On 11/11/08, James Dennett <[EMAIL PROTECTED]> wrote:
> On Tue, Nov 11, 2008 at 8:04 PM, Mark Tall <[EMAIL PROTECTED]> wrote:
> > On 12/11/2008, James Dennett <[EMAIL PROTECTED]> wrote:
> > > In a union only one field can be active at one time, hence
> > > initializing more than one makes no sense
> > > ...
> > > However, const items need to be initialized, hence potting two in a
> > > union makes no sense.
> >
> > Conceptually there is nothing wrong with having two or more const
> > members in a union.
>
> There is something very wrong with it.
>
> The idea of a union is that it's space for one of a collection of
> objects to be active at any one time.  Writing to one member
> invalidates all other members.
>
> (There are secondary uses of unions for type punning.  Most such uses
> are not valid portable C++, but g++ supports them because they're so
> common in real code.)
>
> > The compiler (or standard) should recognise this
> > particular case, and interpret that initialising one member of a union
> > is equivalent to initialising all the members, be they const or not.
>
> The members are only active one at a time.  It makes no sense to speak
> of them all being initialized.
>
> > > (The standard doesn't need an explicit rule to say that, as it's
> > > implied by other rules.)
> >
> > I'm not sure I agree with the standard.  The two requirements, i.e.
> > (i) need to initialise all consts, and (ii) only one member of a union
> > can be initialised, are at conflict with each other. Requirement (ii)
> > fullfills requirement (i), so the compiler shouldn't be complaining
> > about uninitialised consts.
>
> Initializing one member of a union does not (and generally cannot)
> initialize other members.  In general, the purpose of unions is to
> hold objects of different types.  There's no way in which initializing
> (say) a char can also be reasonably viewed as valid initialization of
> (say) a double, or vice versa.  But that's less important: the key
> issue is the concept of a union as having only one active member at
> any given time.
>
> You are, of course, free to dislike this.  C++0x is making substantial
> changes to handling of unions, but I cannot imagine any change such as
> you propose being accepted -- it just does too much violence to the
> model of what unions are.  You can also submit patches for gcc to
> implement what you wish as an extension to the standard; I'd be
> surprised if such a patch were accepted, but I have no way to know for
> sure.

In summary, the change to unions is to allow non-pod types in unions.
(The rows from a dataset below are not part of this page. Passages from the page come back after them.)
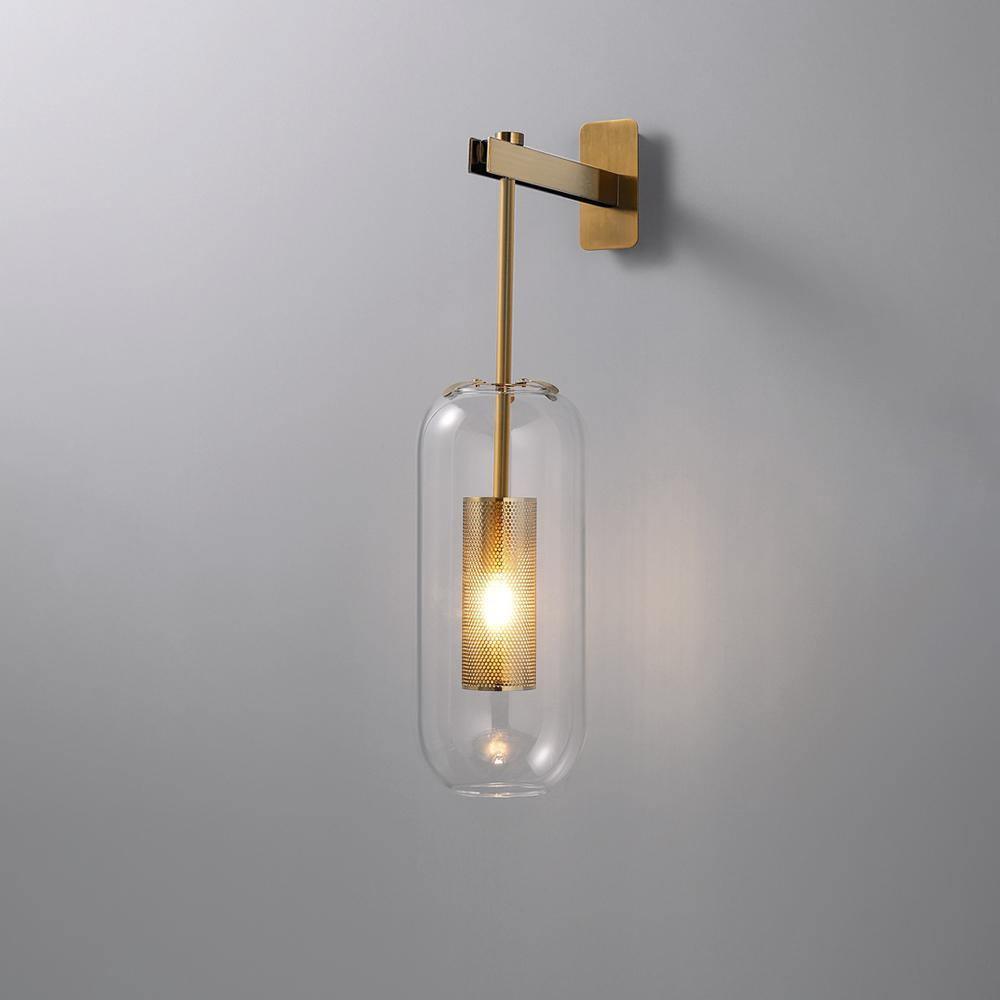 Vadim Glass Wall Lamp ? 9.8″ x H 23.6″ / Dia 25cm x H 60cm / Gold Wall lamp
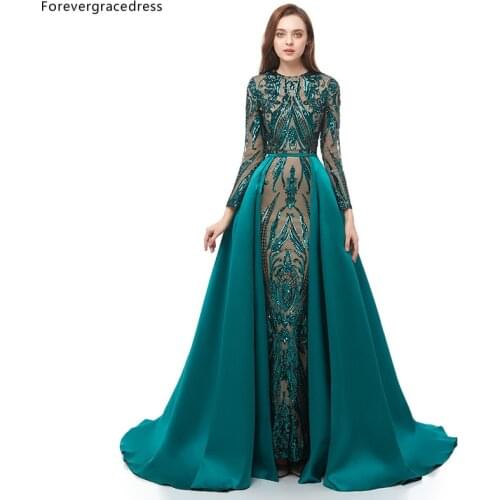 Forevergracedress Green Prom Dresses Detachable Train Long Sleeves Holidays Graduation Wear Evening Party Gowns Plus Size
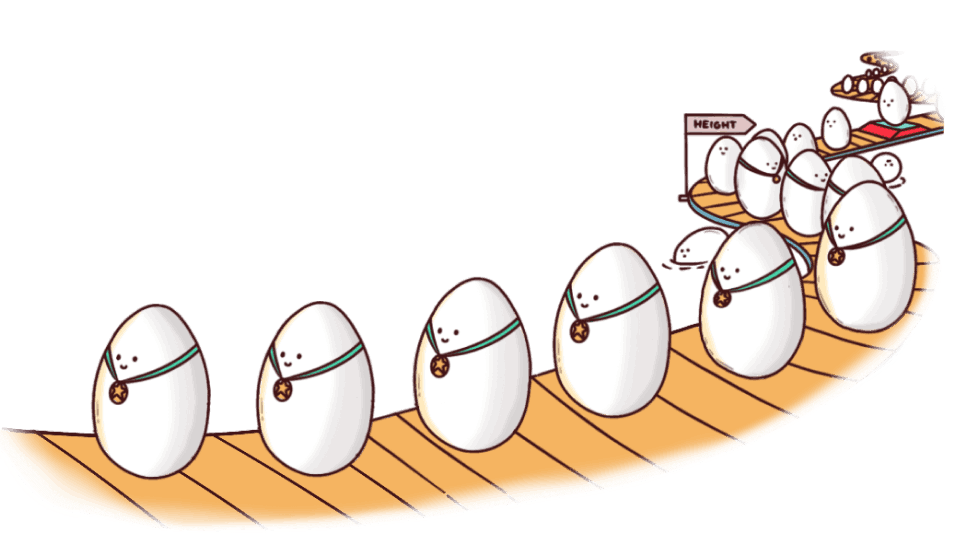 Illustrated eggs on a conveyor belt with medals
To use this capability, though, you need to remember what the last
active field was so you can destruct it.

I agree that having multiple initialized members of a union is highly
unlikely.  The semantics depend too much on the details of compilers
and platforms, so the best the standard could do is "implementation
defined", and the general trend is towards avoiding that were possible.